-- Aim of the exercise --
Your job here is to restate every record exactly, pictures excluded.

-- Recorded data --

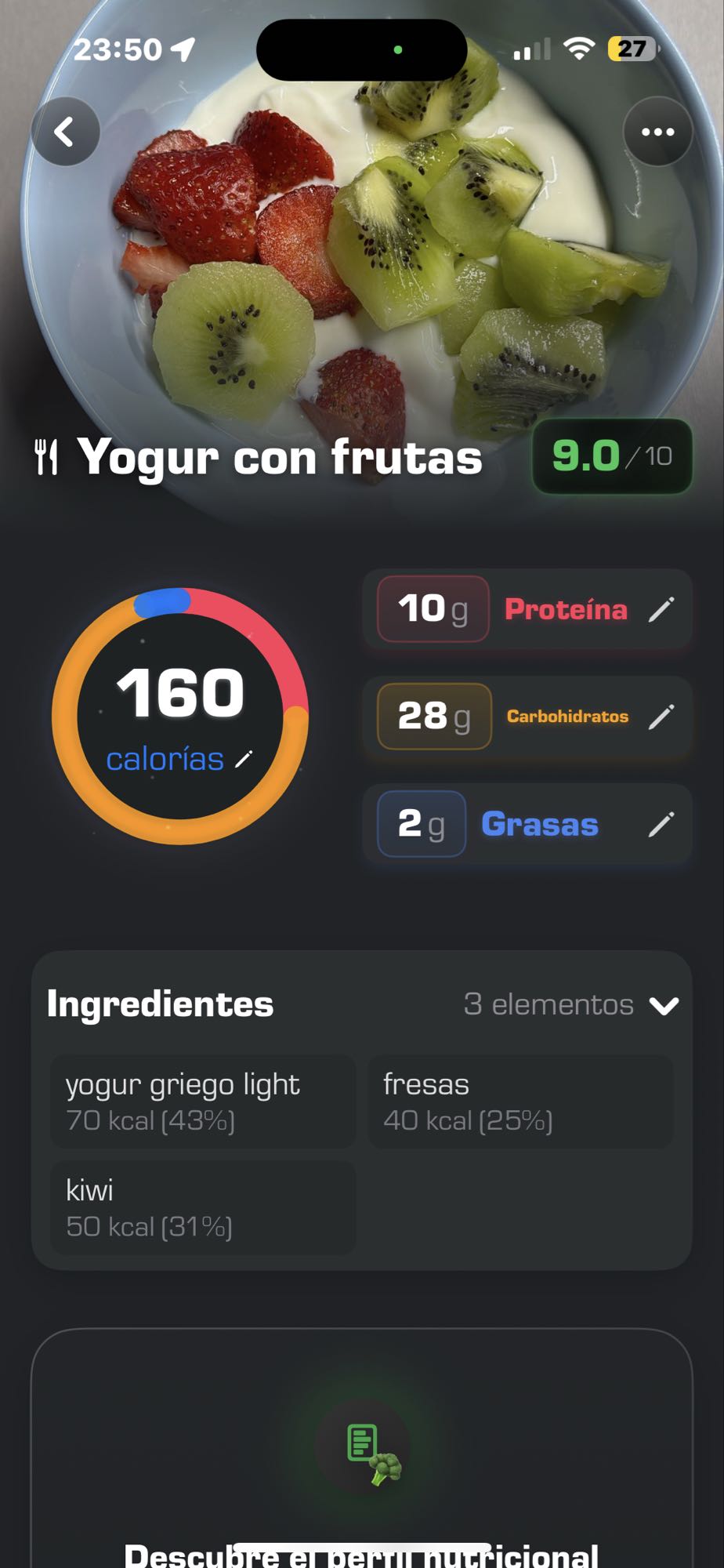 Yogur con frutas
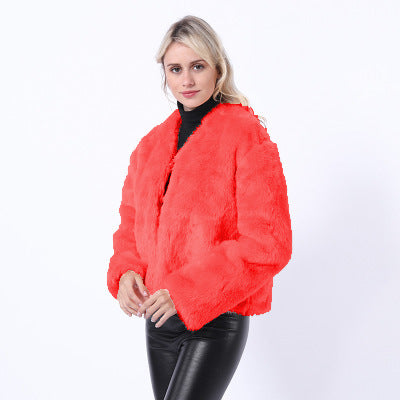 Damen Kurze Kunstpelzjacke mit modernem Schnitt und breit geschnittenen Ärmeln Amawinc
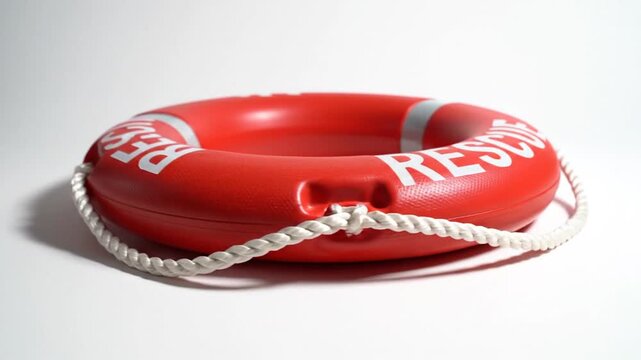 Orange rescue buoy with rope and 'RESCUE' text, safety equipment on white background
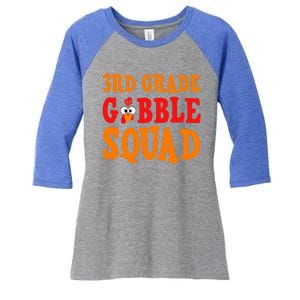 3rd Grade Gobble Squad Funny Thanksgiving Women's Tri-Blend 3/4-Sleeve Raglan Shirt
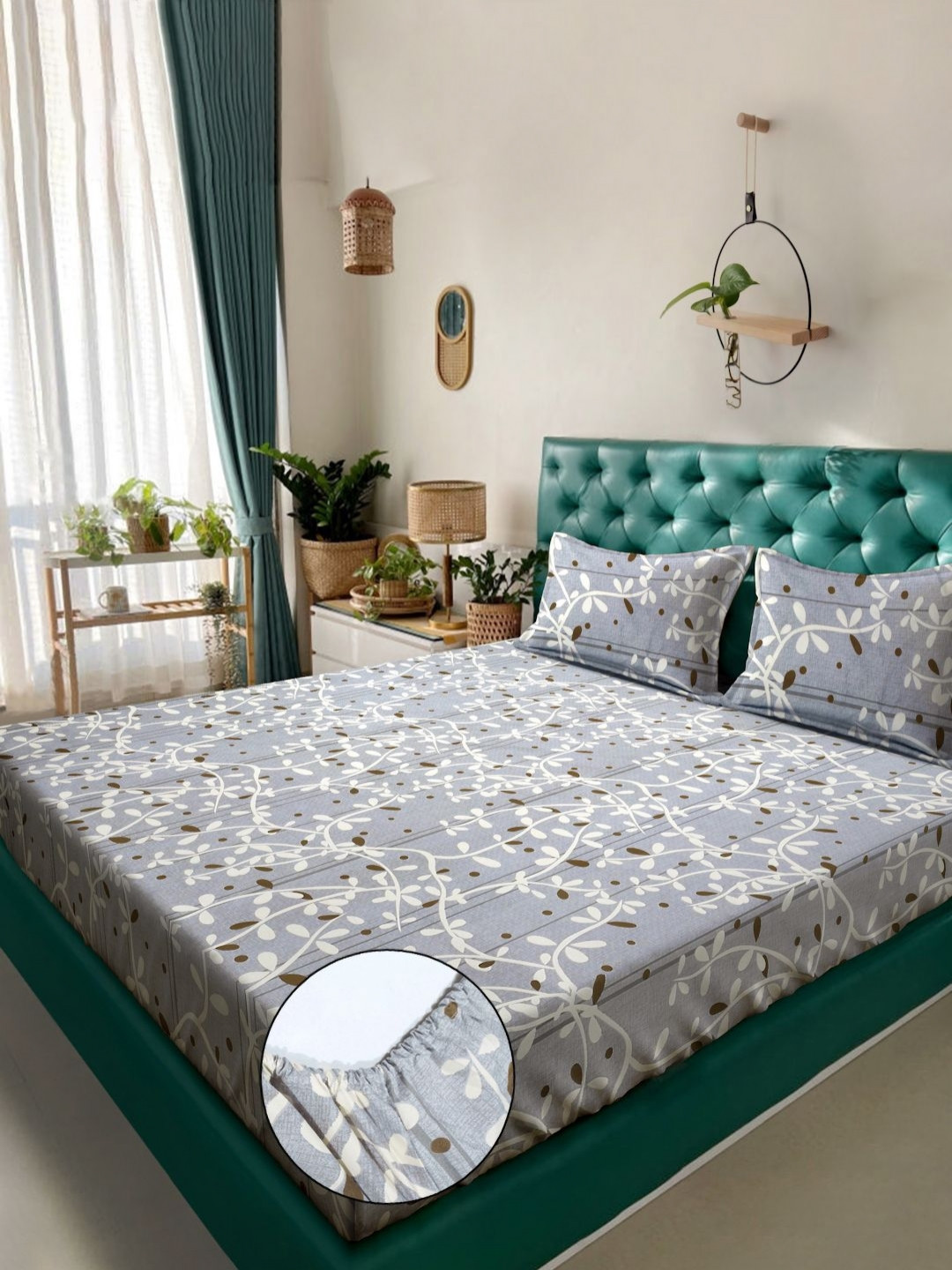 KLOTTHE Amazing Collection Grey Floral Cotton 300 TC Fitted Double Fine Bedsheet with 2 Pillow Covers-98 x 89 inches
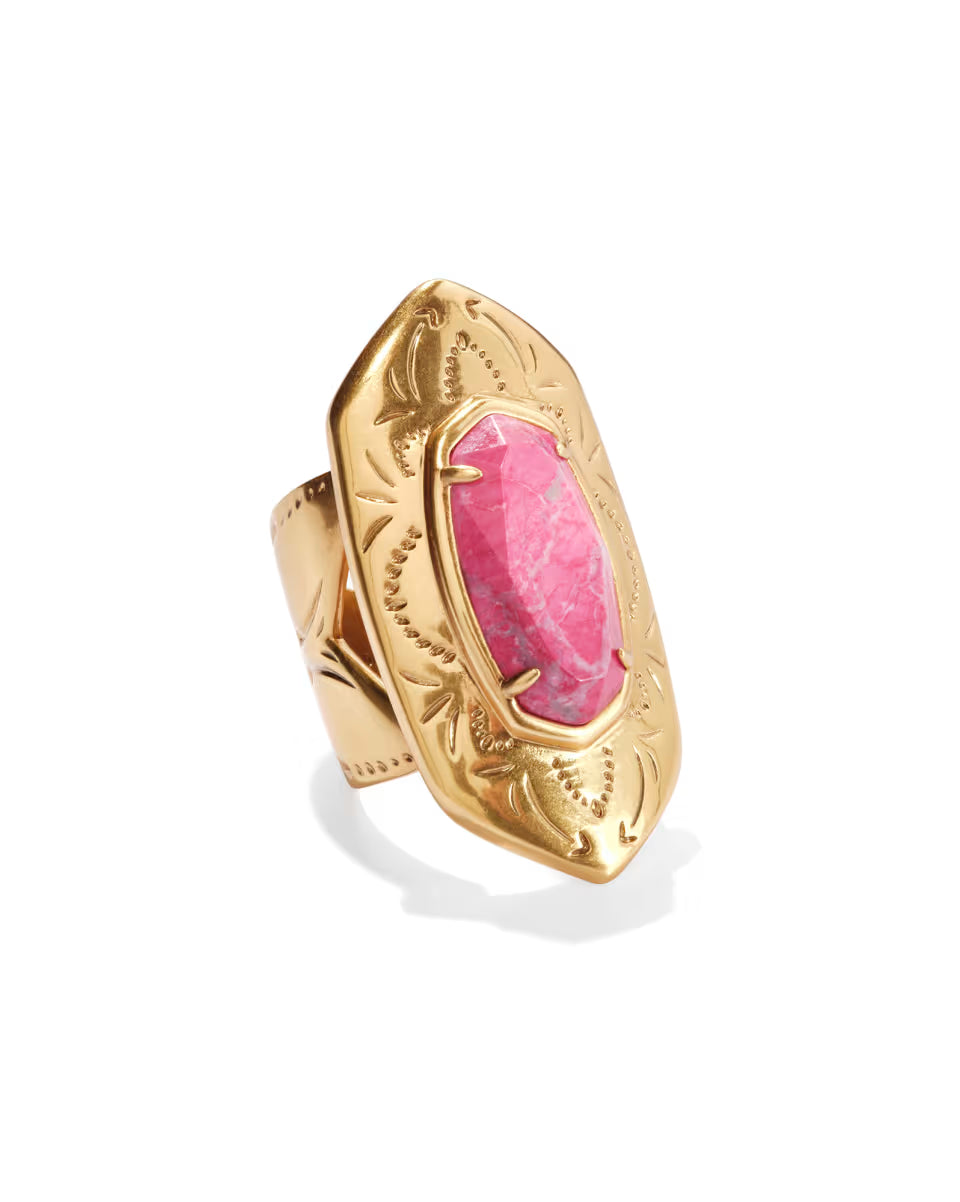 Keziah Vintage Silver Cocktail Ring in Natural Mother-of-Pearl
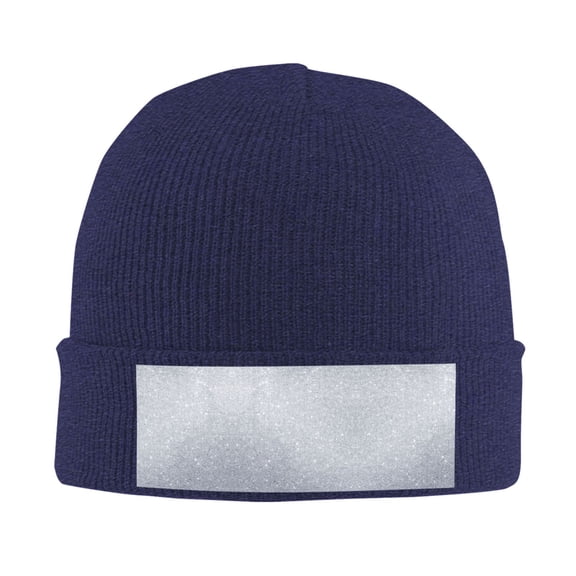 Diamond Silver Pattern Beanie Hat Men Women Warm Printed Cap Knit Beanies Hats Outdoor Winter Navy Blue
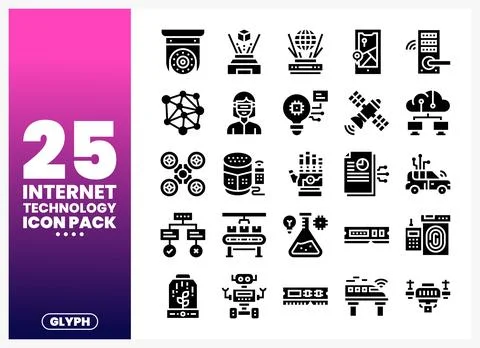 Internet Technology Icon Pack with Icons for Digital Solutions Stock Illustration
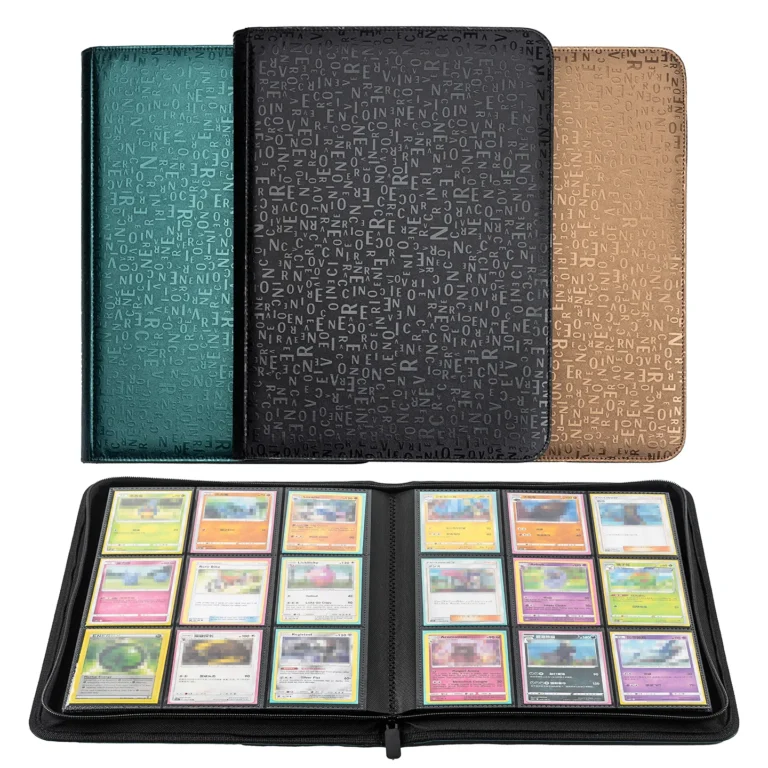 Acid‑free PVC‑free pages embossed pu zipper 9‑pocket trading card binder, anti‑fade storage for rare valuable collectible cards wholesale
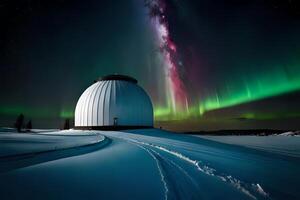 plan un observatorio con telescopios puntiagudo a el noche cielo, capturar el encantamiento de el del Norte luces. ai generado foto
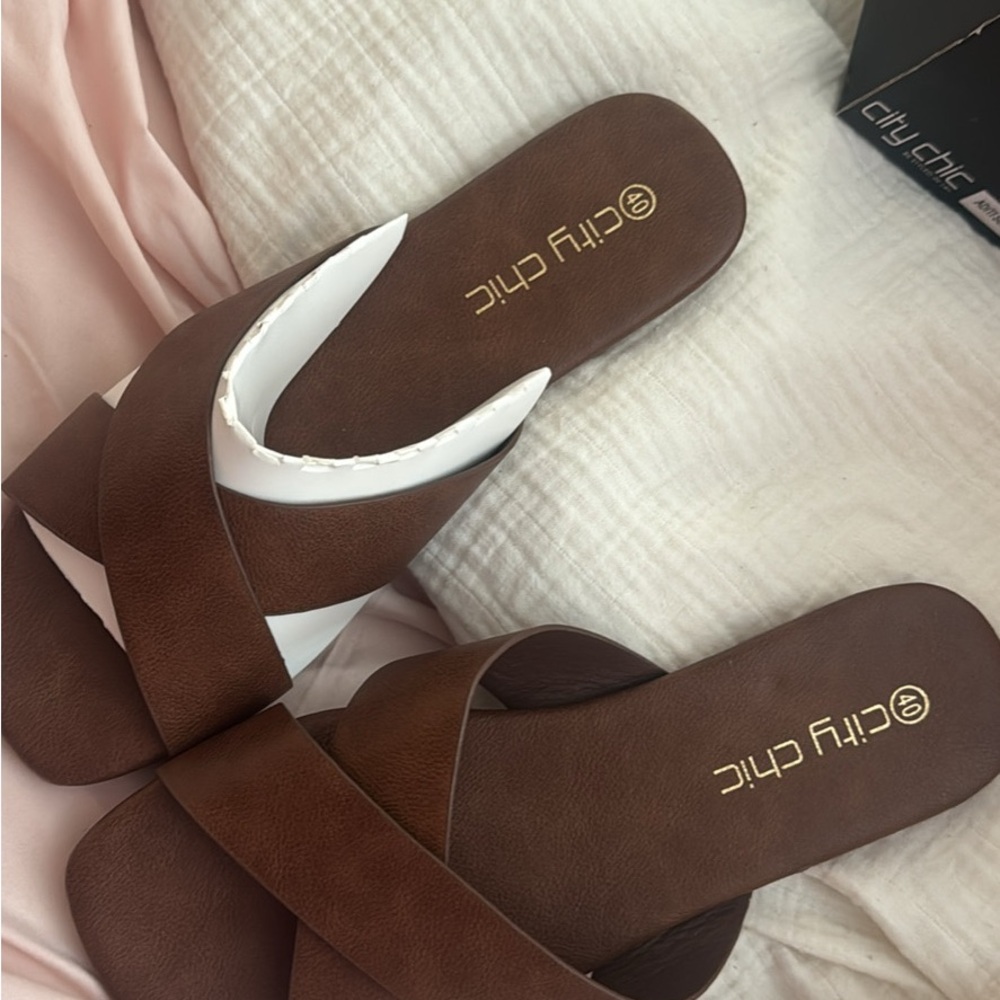 City Chic Brown Slide Sandals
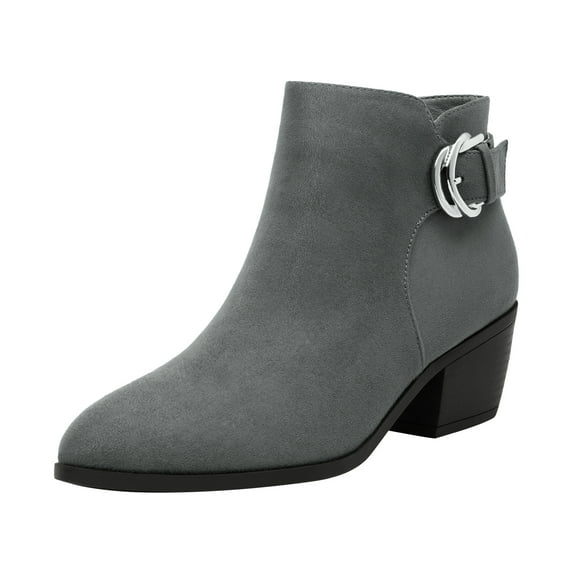 Dream Pairs Women Chunky Boots Low Heel Almond Toe Side Zipper Ankle Boots Shoes DAB214 GREY/SUEDE Size 6.5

-- Exercise output --
 Yogur con frutas
 Damen Kurze Kunstpelzjacke mit modernem Schnitt und breit geschnittenen Ärmeln Amawinc
 Orange rescue buoy with rope and 'RESCUE' text, safety equipment on white background
 3rd Grade Gobble Squad Funny Thanksgiving Women's Tri-Blend 3/4-Sleeve Raglan Shirt
 KLOTTHE Amazing Collection Grey Floral Cotton 300 TC Fitted Double Fine Bedsheet with 2 Pillow Covers-98 x 89 inches
 Keziah Vintage Silver Cocktail Ring in Natural Mother-of-Pearl
 Diamond Silver Pattern Beanie Hat Men Women Warm Printed Cap Knit Beanies Hats Outdoor Winter Navy Blue
 Internet Technology Icon Pack with Icons for Digital Solutions Stock Illustration
 Acid‑free PVC‑free pages embossed pu zipper 9‑pocket trading card binder, anti‑fade storage for rare valuable collectible cards wholesale
 plan un observatorio con telescopios puntiagudo a el noche cielo, capturar el encantamiento de el del Norte luces. ai generado foto
 City Chic Brown Slide Sandals
 Dream Pairs Women Chunky Boots Low Heel Almond Toe Side Zipper Ankle Boots Shoes DAB214 GREY/SUEDE Size 6.5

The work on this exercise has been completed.